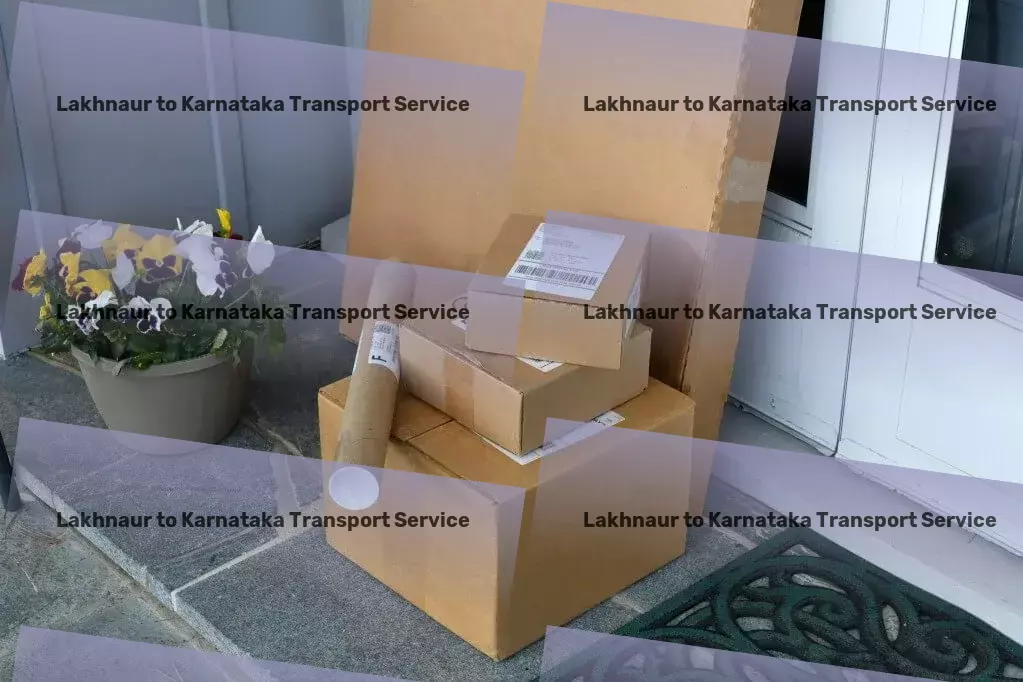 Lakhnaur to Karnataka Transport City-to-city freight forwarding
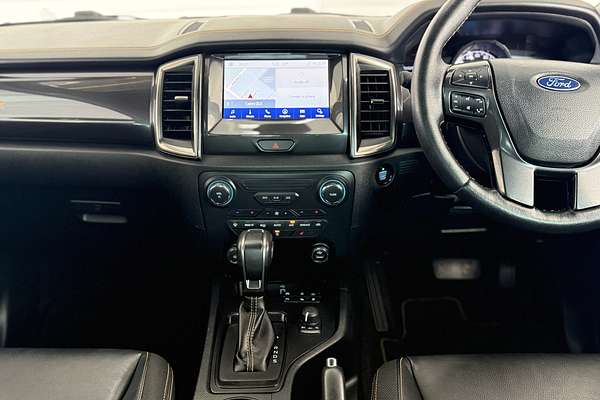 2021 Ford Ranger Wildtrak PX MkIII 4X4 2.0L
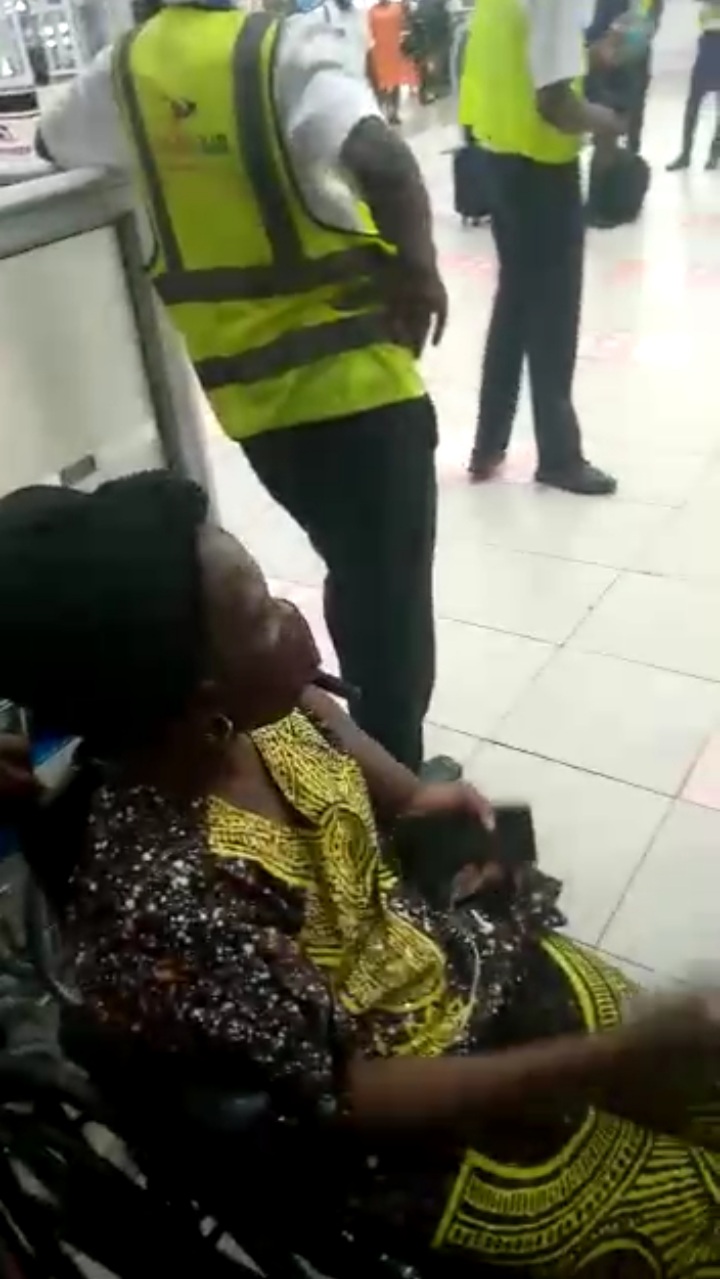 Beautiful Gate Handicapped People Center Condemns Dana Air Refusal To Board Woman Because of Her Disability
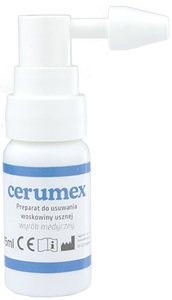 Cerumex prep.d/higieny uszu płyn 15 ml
---
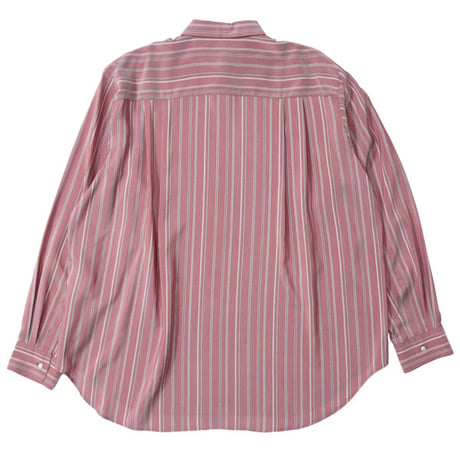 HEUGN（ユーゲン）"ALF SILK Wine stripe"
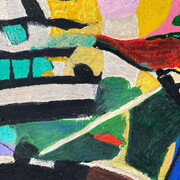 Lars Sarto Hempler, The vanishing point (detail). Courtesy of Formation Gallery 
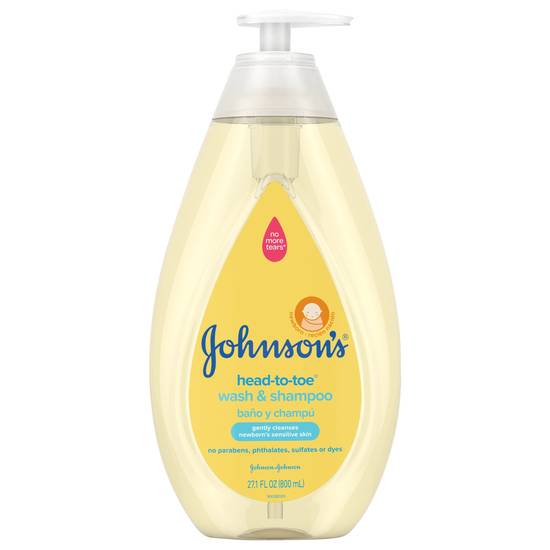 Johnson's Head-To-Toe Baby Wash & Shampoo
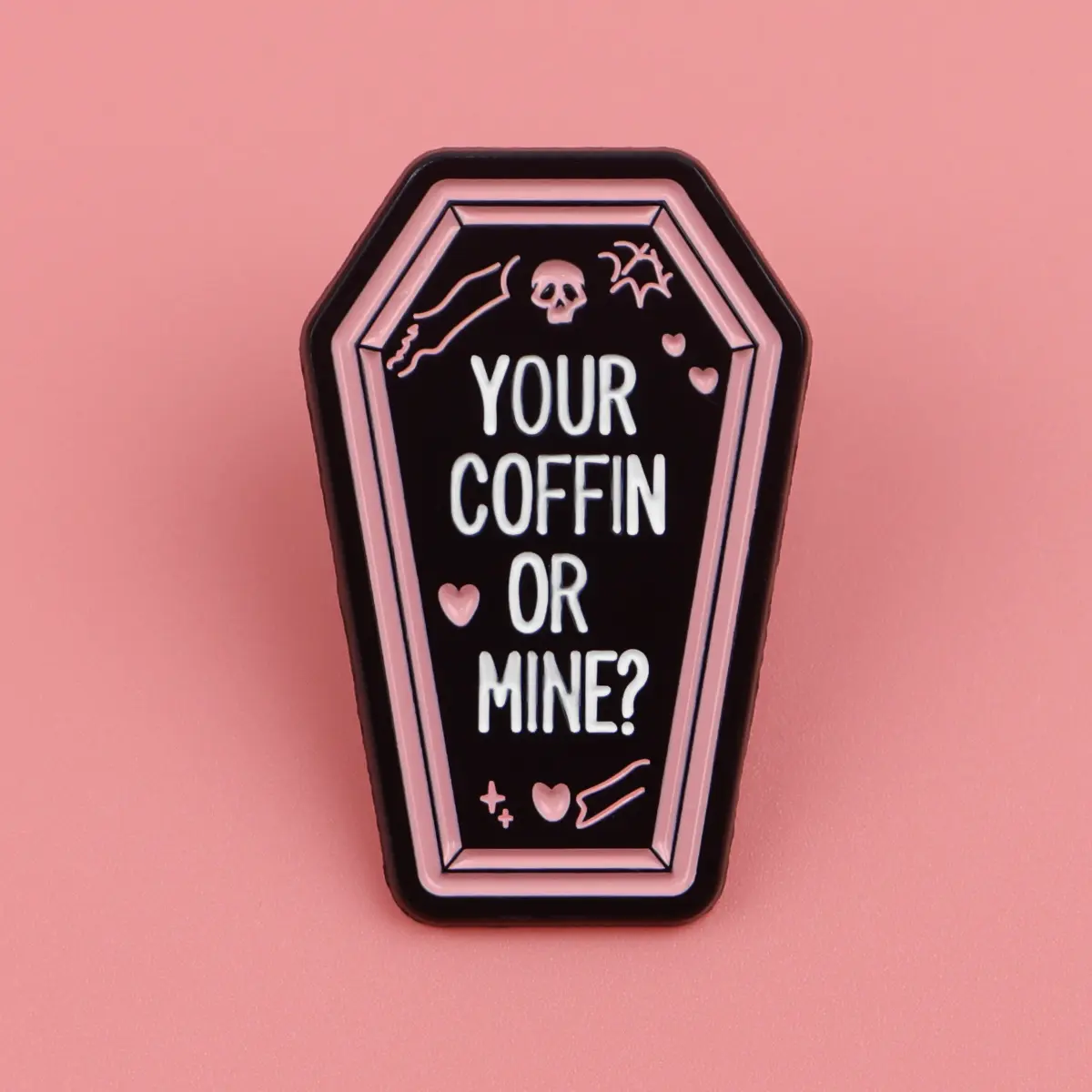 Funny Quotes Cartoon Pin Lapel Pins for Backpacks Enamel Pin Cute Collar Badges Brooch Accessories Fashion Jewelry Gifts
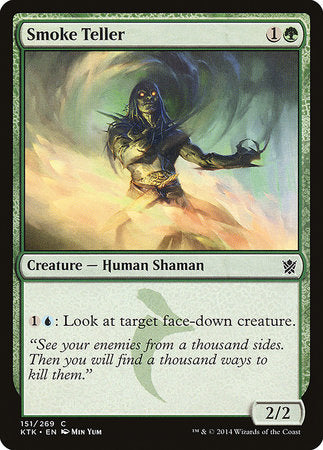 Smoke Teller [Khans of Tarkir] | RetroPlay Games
---
What you will do »
Would you transcribe the lines above exactly, going from the line bearing "Lars Sarto Hempler, The" through the line bearing "Smoke Teller [Khans", and drop the pictures from the copy?

Written answer »
 Lars Sarto Hempler, The vanishing point (detail). Courtesy of Formation Gallery 
 Johnson's Head-To-Toe Baby Wash & Shampoo
 Funny Quotes Cartoon Pin Lapel Pins for Backpacks Enamel Pin Cute Collar Badges Brooch Accessories Fashion Jewelry Gifts
 Smoke Teller [Khans of Tarkir] | RetroPlay Games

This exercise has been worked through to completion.